If you are aware of a label that others have used to describe this view, it would be helpful to our discussion to know what it is. (I invite anyone else reading this to weigh in on this point as well.) One of my limitations in understanding @Bill_II has been my inability to check a published source for details about the view. Thus you see my “clarifying questions” in the previous thread. And while those questions may have seemed voluminous to him, they were not nearly as many as my curiosity was producing. I restrained myself because I didn’t want to be too digressive in that thread. In this thread I expect I’ll end up asking some of those unasked questions.

@Bill_II

Here’s the list of problems you asked for. I do not present these as collectively exhaustive or mutually exclusive. In other words, there may be omissions and there may be redundancies. This is just what came most quickly to mind when I asked myself, “What was I thinking when I told @Bill_II that his view had problems which prevented me from embracing his view?” I expect I’ll be able to present a better list at the end of our discussion than I can now. Who knows? Maybe by then I’ll have no list at all. :slight_smile:

  • Seems to be ad hoc solution to solve age of the earth issues
  • “History v Literal History” feels like an artificial and arbitary distinction
  • Conflicts with the view of Gen 1-11 held by other authors of Scripture, most notably Jesus
  • Calling Gen 1-11 “figurative” is vague; need a fuller description of this “genre”
  • Where else is this Gen 1-11 genre employed…inside and outside of Scripture?
  • Is not giving sufficient interpretive guidance; shuts off more interpretation than it opens up
  • Does not provide a clear and consistent way to interpret; lends itself to interpretive abuse
  • Figurative interpretation of parts of Gen 1-11 has always existed, what exactly is new here?
  • Sounds like a “hunting licence” to kill off any interpretation which modern science contradicts

Check.

Check.

I would say “not necessarily inspired” or “not generally inspired” because I wouldn’t want to rule out the work of the Holy Spirit in a translator’s life and work any more than I would want to rule it out in the life and work of a scientist or school teacher or farmer.
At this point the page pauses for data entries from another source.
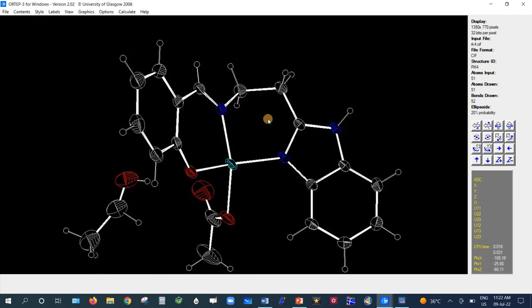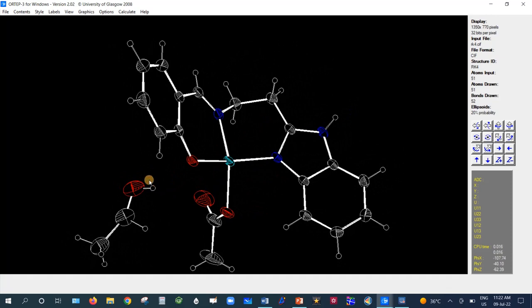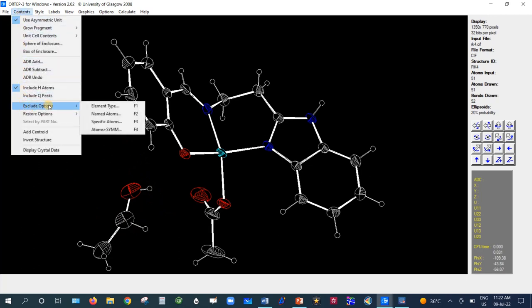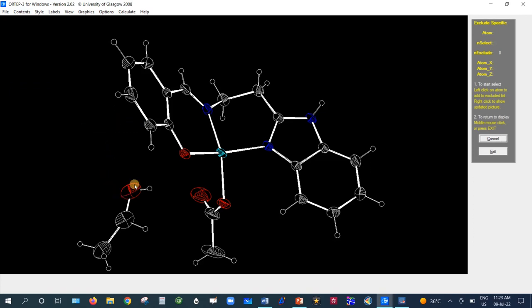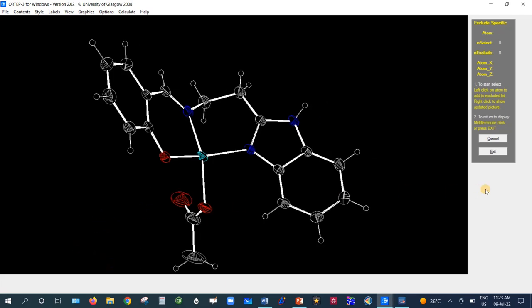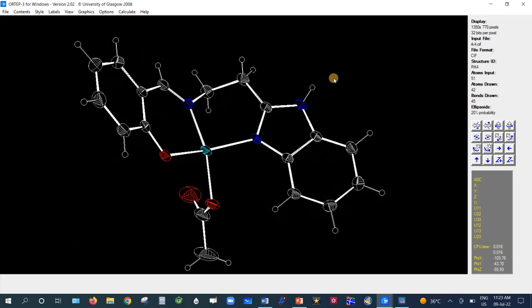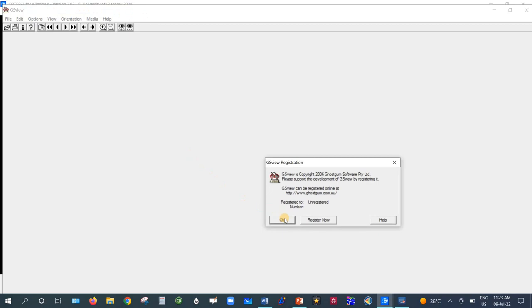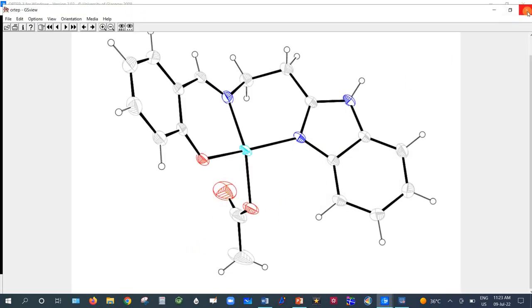Sometimes we want to exclude certain atoms from the molecule display. For example, if there is a solvent ethanol molecule you don't want to display, go to Content > Exclude. You can exclude by element type or by named atom for specific atoms. Left-click to select an atom, then right-click to exclude it. After pressing Exit, the excluded atoms are removed from the diagram, and writing a new PostScript color file confirms the ethanol molecule is no longer shown.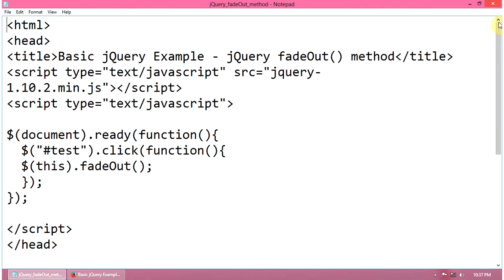Hi, this is an example for the jQuery fadeOut method. Here we include the jQuery 1.10.2.min.js file, then the code.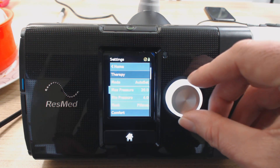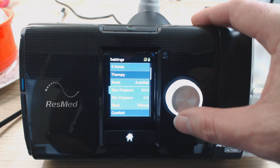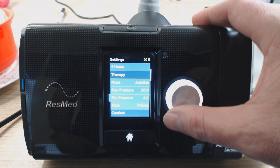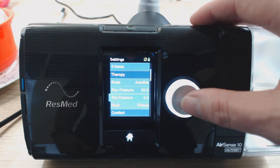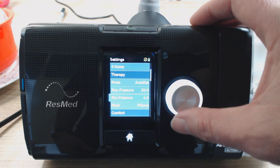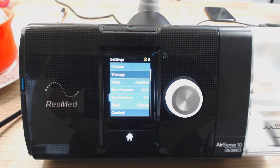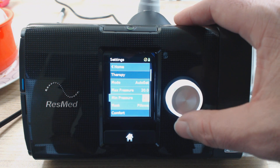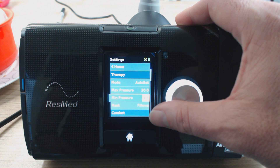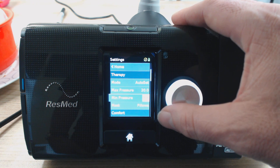If we go down a little bit, you've got your max pressure, which says 20 at the moment — that's the upper limit of the automatic algorithm. And below that you've got min pressure, which is your lowest limit. Four is as low as you can go and 20 on the max is as high as you can go — that's the widest range available. Some people like to increase the min pressure a little bit if they feel like there's not quite enough air coming through the mask, if it's feeling a bit suffocating.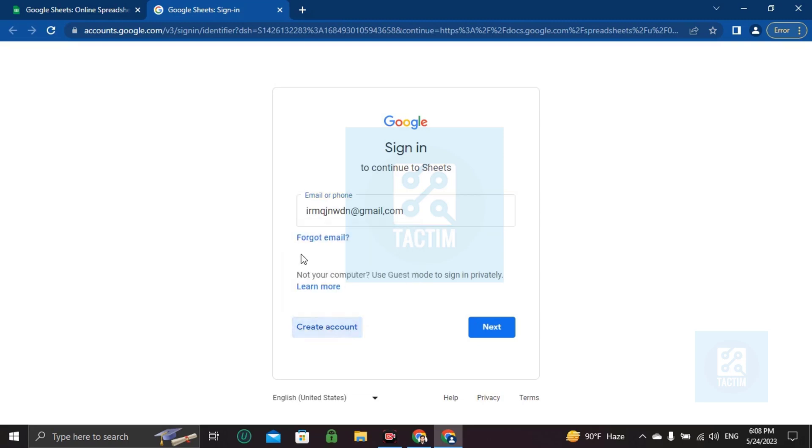Guys, this is how you can use Google Sheets without a Gmail account or creating a new account. Or you can use it with the old account.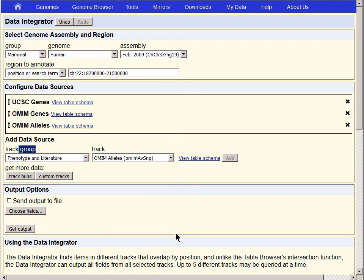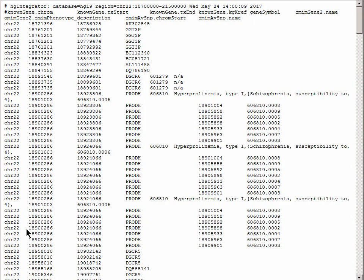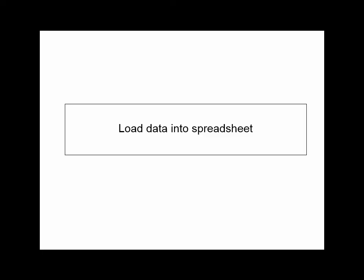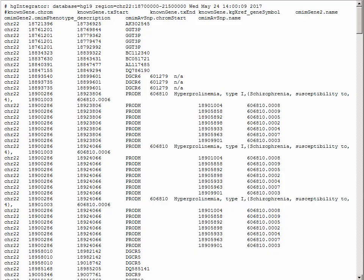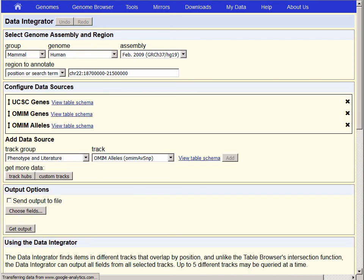If we simply Get Output and dump the data to the screen, which is suitable for porting it to programs or some kind of script if you want to mine the data, let's go back to the Data Integrator and load it directly into a spreadsheet by sending output into a file.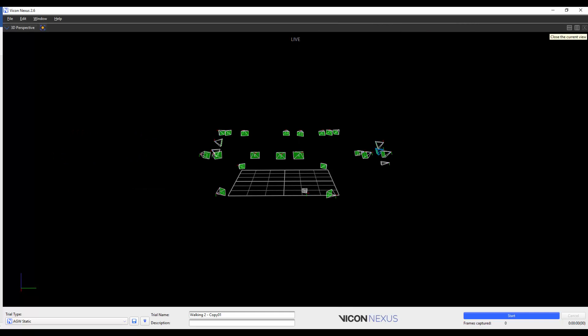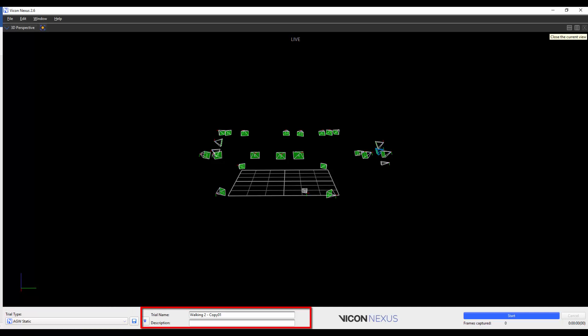Once you're in the Simple Capture Mode, you can select a trial type if you wish, change the trial name and description, and start and stop captures.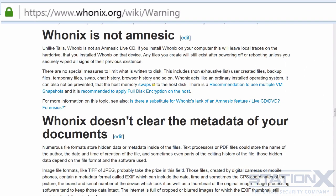One of the most significant potential weaknesses in Whonix, if you need that feature, is that it is not an amnesiac system. Unlike Tails, Whonix is not an amnesiac live CD. If you install Whonix on your computer, this will leave local traces on the hard drive. Any files you create will still exist after powering off or rebooting unless you securely wiped all signs of their previous existence.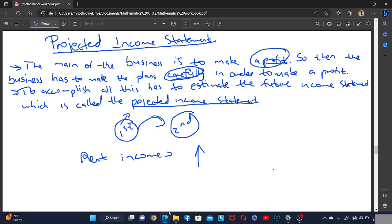The business can predict that, based on the previous year, certain items may be worth this much this year. The business also looks at its debtors and sees that most of the time, for example, one percent of debtors become bad debt. From there they estimate whether bad debt will increase or decrease. That is what we are doing in the projected income statement.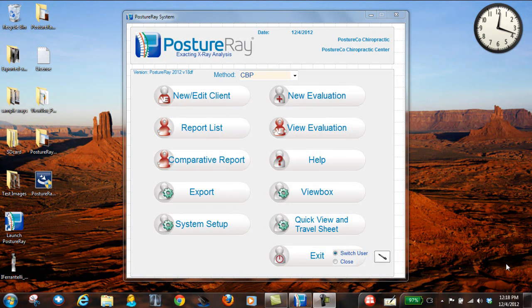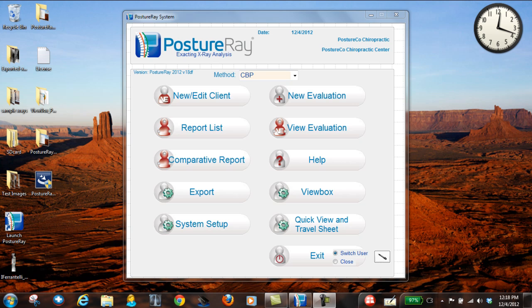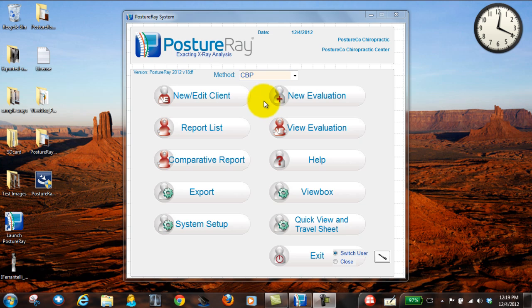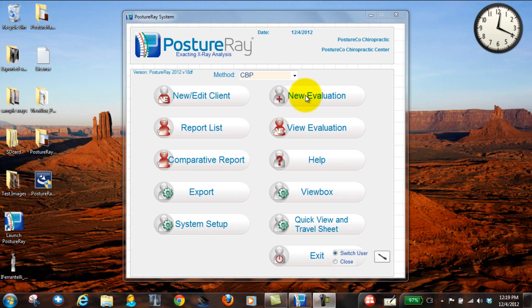The first thing I'd like to do is show you how to pull in images. I'm going to start with digital images, either from a CD or from a digital X-ray server that you have on site if you have your own digital X-ray system. So I already have the client in there, so I'm going to go ahead and hit new evaluation.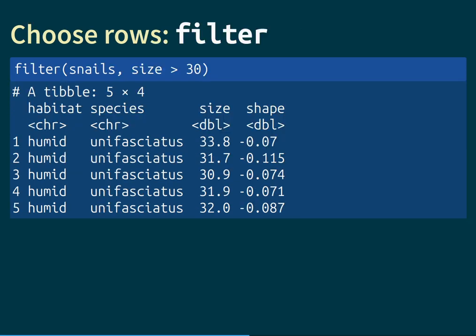This concludes our discussion of functions that manipulate columns. Let's now turn to those functions that manipulate rows. Amongst them, the most important one is called filter, and what filter does is keep certain rows from the dataset and discard others based on some logical condition.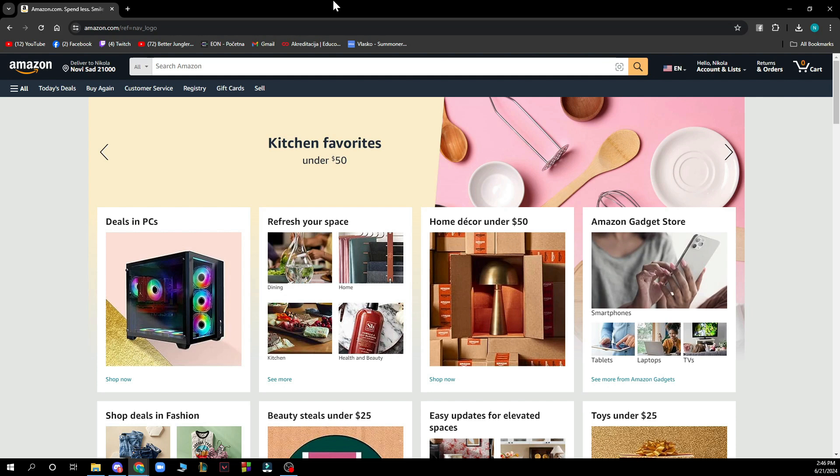Now that we got that out of the way, let's see what we actually have in front of us here. As you can see, we have the official Amazon website where we have a lot going on.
See my qualification on “the process of translation” just above.

Sometimes. Other times, there can be no denying the intended meaning. For example, no one thinks that the New Testament declares someone other than Jesus to be Lord.

I’m not as dismissive of the statement as you are, but I seldom, if ever, use it myself, and while I think it’s an acceptable way for someone to raise an issue, I don’t think it’s an effective way to settle an issue.

I might agree with this statement and I might not; I just don’t fully understand it. I suppose its meaning turns on your definition of “new” and “doctrine.”

See my comments on “the process of translation” above. I think of theology as the body of man’s thoughts about God; the more of God’s thoughts we can make a part of it, the better. Therefore, I don’t rule out the possibility that a theological thought can be inspired.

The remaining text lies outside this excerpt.